Because the dash is is an em-dash, rather than a standard hyphen, it's a multibyte character - so "goodbye"s offset comes out as 16 instead of 14.

This thread seems related https://stackoverflow.com/questions/30605173/php-mb-split-capturing-delimiters — user3783243, Mar 13 '20 at 19:02
Thanks! However, if I try using the `mb_explode()` function from that question I get exactly the same result as `preg_split()`. — Phil Gyford, Mar 13 '20 at 19:13
Do you think you might utilize [this](https://www.php.net/manual/en/function.mb-split.php#117588) and loop the array looking for spaces? — El_Vanja, Mar 13 '20 at 19:35
A bit of a hack, but you could replace the mb character with a non multi-byte character, then run the preg_split() function on the string. — dale landry, Mar 13 '20 at 22:07
@El_Vanja Thanks but I’m not sure how looking for spaces would help - spaces aren’t a problem. — Phil Gyford, Mar 13 '20 at 22:20
@dale landry I could but it’s a big text with a load of such characters, and I also the punctuation is important - I don’t want to change it. — Phil Gyford, Mar 13 '20 at 22:21
I meant looping the array to find spaces in order to determine where the next word starts. If there's a space in the array and next index is not a space, that means a new word has started. — El_Vanja, Mar 13 '20 at 22:22

dale landry · Answer 1 · 2020-03-13T22:41:21.170

This is kind of a hack, but seems to work. Use str_replace() to replace the multi-byte character with a non-multi-byte character and then run the preg_split() on the string.

$text = 'Hello world — goodbye';
$mb = '—';
$rplmnt = "X";

function chkPlc($text, $mb, $rplmnt){
    if(strpos($text, $mb) !== false){ 
        $rpl = str_replace($mb, $rplmnt, $text);
        $words = preg_split("/(\w+)/x",
                        $rpl,
                        -1,
                        PREG_SPLIT_NO_EMPTY|PREG_SPLIT_DELIM_CAPTURE|PREG_SPLIT_OFFSET_CAPTURE);

        foreach($words as $word) {    
            $stmt = print("$word[0]: $word[1]<br>");
        }
    }

    $stmt .= 'New String with replaced md char with non mb char: '.$rpl.'<br>';
    return $stmt;
}

chkPlc($text, $mb, $rplmnt);

OUTPUTS:

Hello: 0
: 5
world: 6
X : 11
goodbye: 14

A more in depth function could be written to check if a non-multi-byte character is not present within the string first, then used as a replacement for the multi-byte character defined. Again, kind of a hack but it works.

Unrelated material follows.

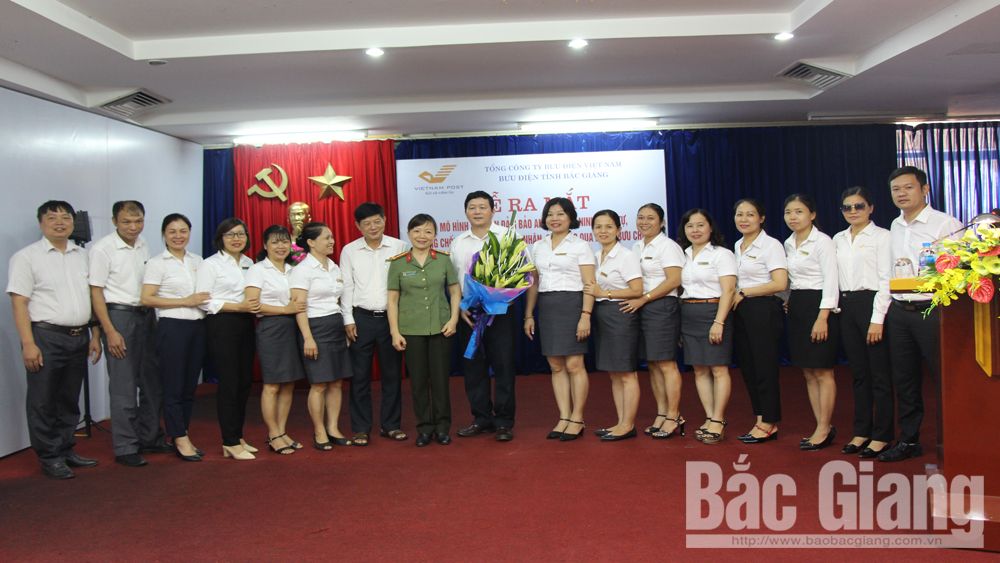 Bưu điện tỉnh Bắc Giang ra mắt mô hình tự quản bảo đảm an toàn trong nhận, gửi hàng qua mạng bưu chính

Thanks @dale landry. I found another solution, posted here, using mb_convert_encoding() that I guess has a similar effect. — Phil Gyford, Mar 14 '20 at 12:32

score 0 · Answer 2 · answered Mar 14 '20 at 12:29

Here's another not-ideal solution: convert the text to something like ISO-8859-1 using mb_convert_encoding() that will get rid of the multibyte characters. They'll either be turned to a similar ASCII character or a question-mark.

So transforming $text before doing the preg_split() using this:

$text = mb_convert_encoding($text, "ISO-8859-1", "UTF-8");

Results in:

Hello: 0
: 5
world: 6
? : 11
goodbye: 14

Although it makes a mess of the text, you can still keep a copy of the original of course.

I found it via this comment about the iconv() function.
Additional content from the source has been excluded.